Des débris jonchent le sol, des champs de ruines s’étendent à perte de vue, et un bidonville entier a été réduit en poussière. Avec des rafales atteignant 226km/h, Mayotte, le Département français le plus pauvre, a été dévasté par le cyclone Chido, samedi 14 décembre. Les autorités craignent un bilan humain dramatique, évoquant «plusieurs centaines» de morts, voire «quelques milliers». Pourtant, en mars dernier, un rapport parlementaire avait tiré la sonnette d’alarme, décrivant avec une précision glaçante les risques auxquels l’île serait exposée en cas de cyclone, révèle le HuffPost lundi 16 décembre.

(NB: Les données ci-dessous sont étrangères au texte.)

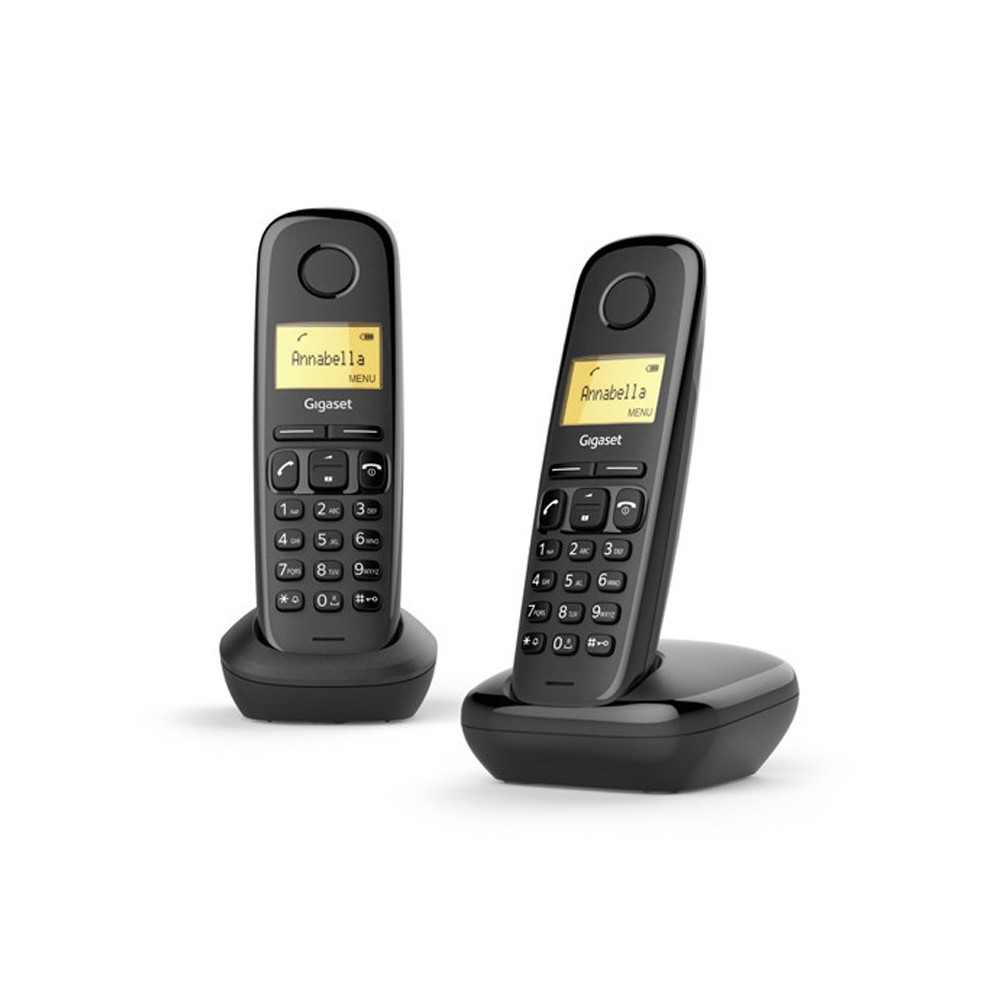 GIGASET A170 DUO (NERO) - TELEFONO CORDLESS DOPPIO - FUNZIONE SVEGLIA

«Compte tenu de l’étendue de l’habitat informel sur l’île, le bilan victimaire d’un cyclone serait catastrophique», avertissait Olivier Brahic, directeur général de l’Agence Régionale de Santé (ARS) de Mayotte. Il ajoutait lors de son audition que «le système de santé, déjà très déficitaire, aurait le plus grand mal à faire face à un événement majeur, surtout dans un contexte de crise persistante».

Concentration de fragilités

Au-delà des facteurs géographiques et géologiques, le rapport pointait une série de fragilités: pauvreté structurelle, densité de population parmi les plus élevées de France, habitations précaires, infrastructures défaillantes, et manque criant de prévention et de moyens mobilisés par l’Etat. Un cocktail explosif. 

Olivier Brahic expliquait également que, bien que les cyclones provoquent habituellement peu de blessés graves, la situation à Mayotte est différente: «Le bilan victimaire pourrait être très lourd dans ce qu’on appelle les bangas, dans les bidonvilles, où les tôles qui s’envolent pourraient causer de très gros dégâts.» Et ce sont justement ces quartiers précaires qui ont été les plus sévèrement touchés par le cyclone. 

Un manque de moyens

Le manque de financement était également dénoncé par Gaëlle Nebard, directrice outre-mer de la Croix-Rouge française. Elle illustrait cette insuffisance avec l’exemple d’un dispositif de prévention qui sensibilisait les écoliers aux risques climatiques et qui a été contraint de cesser ses activités il y a deux ans, faute de ressources.

Autre point critique: les capacités d’évacuation. « Les centres de vie identifiés dans chaque commune pourraient accueillir 30'000 personnes, alors que la population de Mayotte est estimée entre 300'000 et 400'000 habitants », ajoutait Olivier Brahic.

Avec l'arrivée du cyclone Chido à Mayotte, ces avertissements prennent une dimension tragique. La menace d'un bilan humain lourd était connue. Il semblerait que l'Etat n'ait pas pris conscience de l'urgence de la situation. Mais maintenant, il fait face à un autre défi: venir en aide aux sinistrés.